A Vodafone spokesman says the company is looking at each market individually as events unfold. It has already cut tariffs in Spain to take account of the weak economy and constraints on consumer spending. Asked what the company would do if the eurozone broke up, the spokesman says: “We are ready to implement contingency plans if the situation were to change significantly.”

Companies are reluctant to go into detail about what they would do if faced with what analysts agree would be a financial catastrophe. But audit and risk committees, staffed by non-executive directors, are examining worst-case scenarios across Britain. “It would be remiss if they weren’t looking at things very carefully at this stage,” says one City consultant. “And that goes for any large British company with European exposure, especially if they are trading within the southern periphery.”

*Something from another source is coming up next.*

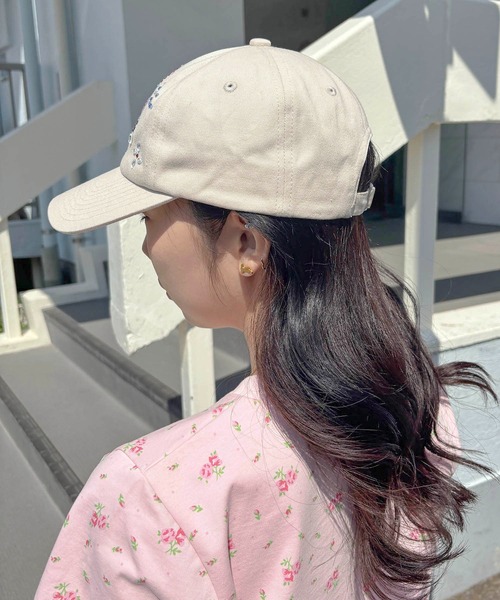 セール】[UMBRO × Casselini] ストーンCAP（キャップ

Diageo, whose labels include Johnnie Walker and Smirnoff, is understood to have run computer models of how the business would look if the euro imploded, although that doesn’t mean it is forecasting a meltdown. But Andrew Morgan, president of Diageo Europe, told theFinancial Times: “We have started thinking what [a break-up] might look like. If you get some much bigger change around the euro, then we are into a different situation altogether. With countries coming out of the euro, you’ve got a massive devaluation that makes imported brands very, very expensive.”

Unilever, whose brands include Ben & Jerry’s ice cream and Dove soap, is apparently well placed because it generates more than half its sales outside Europe, from emerging markets. “But obviously a breach in the euro would hardly be good news for Diageo, or anyone else,” says Graham Jones of Panmure Gordon.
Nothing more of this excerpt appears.